La tuerie de Polytechnique
D’emblée, je suis d’accord avec cette analyse que je recommande d’ailleurs à tous ceux qui s’interrogent encore sur la portée sociale et politique de ce crime contre des femmes. Cependant, en s’arrêtant sur le comportement de Lépine dans ce massacre, l’analyse sociale ainsi faite est demeurée inachevée.
Maintenant que l’aspect central de la tuerie a enfin été mis en évidence et que nous avons un peu de recul devant cette tragédie, il est temps de nous pencher sur d’autres aspects de cette violence si révélatrice. Malette et Chalouh voulaient stimuler “ un débat en profondeur qu’[elles]souhaiter[aient] voir se dérouler publiquement (2)”. Elles ont fourni des éléments indispensables nous permettant de percevoir la vraie signification du comportement et des gestes de l’assassin. Passons maintenant au comportement des autres acteurs de la tragédie, comme par exemple celui des étudiants, des professeurs, de la police et des médias.

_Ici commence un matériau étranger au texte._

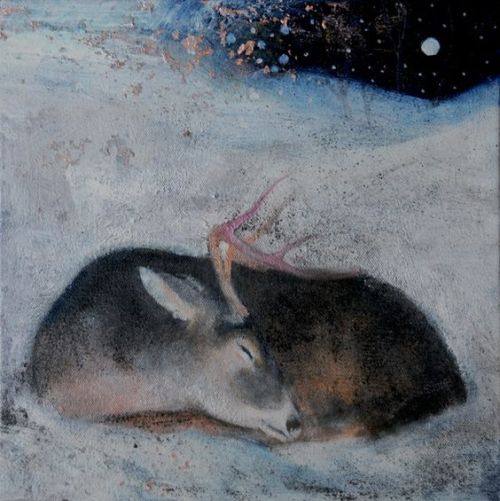 thewoodbetween:‘The Sleeping Heart of Winter’ by Catherine Hyde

Reprenons donc pour l’essentiel, puisqu’il le faut, la douloureuse chronologie des événements, telle qu’elle fut mise à jour par l’enquête du coroner. Après avoir rôdé, de 16 h à 16 h 40 autour du bureau du Secrétaire général, Lépine monte au troisième étage pour ensuite descendre au deuxième où il abat une employée, un peu avant 17 h 10, moment où il entre dans la salle de cours C-230.4. Se plaçant devant les quelque 50 étudiants et 10 étudiantes, il leur dit de cesser toute activité. À ce moment, l’étudiant qui faisait une présentation devant la classe mettant en doute son sérieux, Lépine tire un coup de feu en l’air. Il ordonne alors aux étudiants de se séparer, les femmes à gauche et les hommes à droite. Ils s’exécutent. Ensuite, il ordonne aux cinquante jeunes hommes de quitter la salle, ce qu’ils font, apparemment sans aucune protestation.

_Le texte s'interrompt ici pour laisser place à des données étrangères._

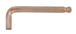 Clé mâle tête sphérique BERYLLIUMplus 12mm, 130mm KS TOOLS - 962.0450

Les hommes défilent par la porte. L’assassin explique froidement aux femmes coincées au fond de la salle ses motifs antiféministes. Une des femmes l’interpelle, mais sans résultat. Il tire alors une rafale de 30 balles, promenant son arme de gauche à droite. Neuf des dix femmes sont atteintes, dont six fatalement. Un groupe de cinq étudiants, qui se trouvaient dans le couloir, entendent les coups et voient s’écrouler une des victimes. Ils fuient se cacher. Lépine quitte la salle de cours. Quand il franchit le seuil de la porte, il est 17 h 12. Deux minutes se sont écoulées depuis son apparition à la porte de la salle de cours. 50 étudiants ont mis au plus 90 secondes à évacuer la salle par une porte étroite, laissant ainsi 30 secondes à Lépine pour y entrer et en sortir, séparer les hommes des femmes, aboyer le mobile de son crime et tirer la rafale meurtrière.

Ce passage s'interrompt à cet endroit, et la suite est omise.